Blog |

Build Your Data Quality Deck

12 min read |

A long time ago, I played Magic: The Gathering. I built decks, traded at school, and spent weekends at local tournaments. At some point I sold my entire collection. I don’t even remember what I bought with the money. But I still remember some of the cards I let go of, and I regret it, knowing how much they would be worth today and how much fun I had playing with them.

What I don’t regret is the things deck-building taught me. Every card had a purpose. If you build your deck right, you have the right card for every situation. If you build it wrong, you’ll find out at exactly the worst moment, and by then it’s too late.

Recently, while writing data quality checks for Airflow, I kept coming back to that feeling. Data quality is fundamental to trustworthy analytics and AI, yet in my time as a data engineer, we spent way too little time on data quality. The good news: Airflow offers SQL check operators that you can simply add to your pipelines!

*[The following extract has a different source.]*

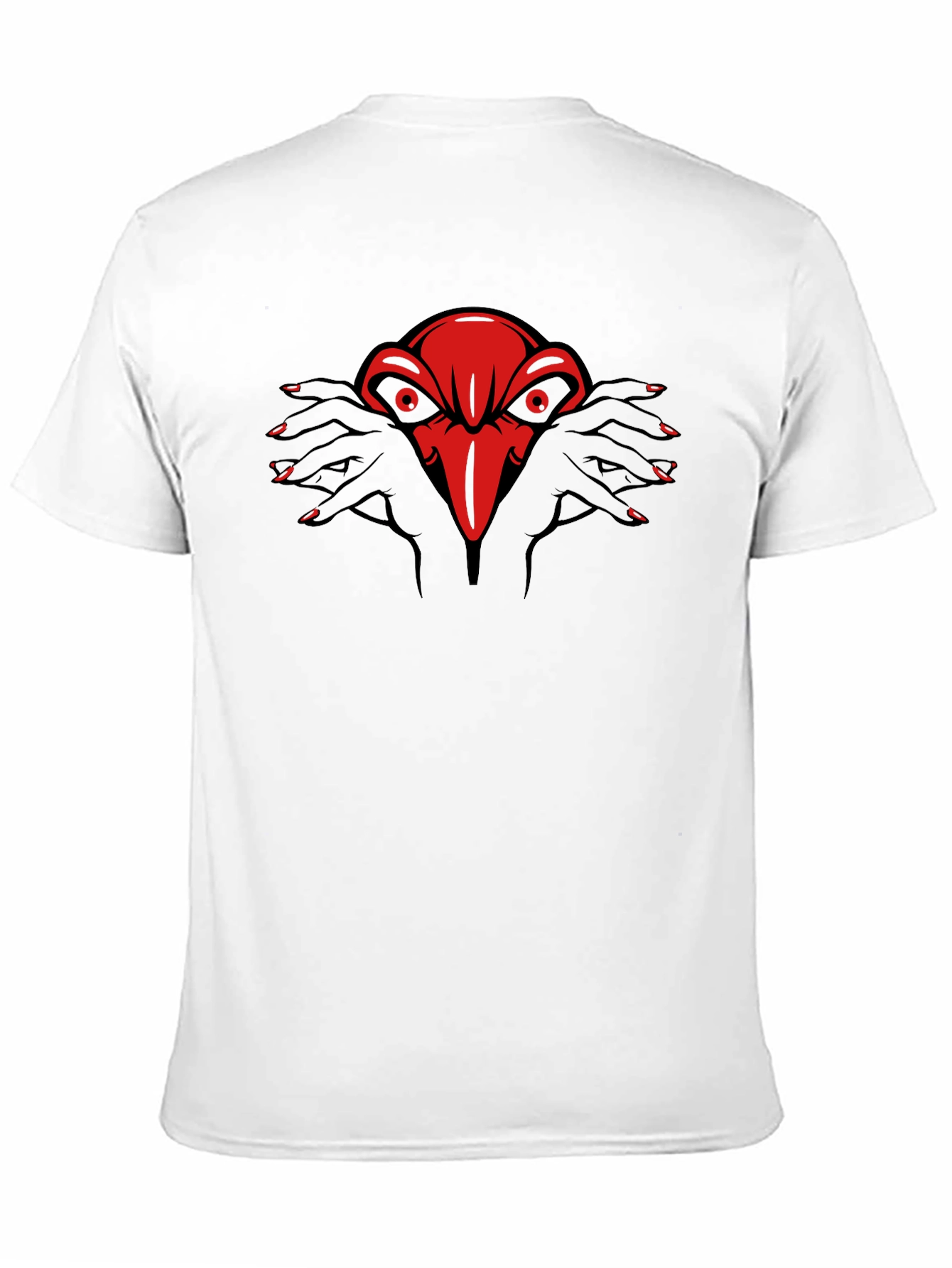 Red Raven Hands Graphic Black Tee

There are six operators in the common SQL provider. Each one covers a specific kind of failure. Pick the wrong one and you’re either over-engineering something simple, or leaving a gap that a simpler card would have closed.

Data Quality Operators Overview

This is a guide to building the right deck for your Dag.

The code examples throughout this post come from an Airflow demo project for AstroTrips, a fictional interplanetary travel company. Routes go to the Moon, Europa, and beyond. The schema involves four tables: planets, bookings, payments, and a daily_planet_report. The details are not relevant to understand how the operators function.

Plot twist: this is not only a metaphor. You can actually play Data Quality Duel in your browser to learn about the SQL check operators!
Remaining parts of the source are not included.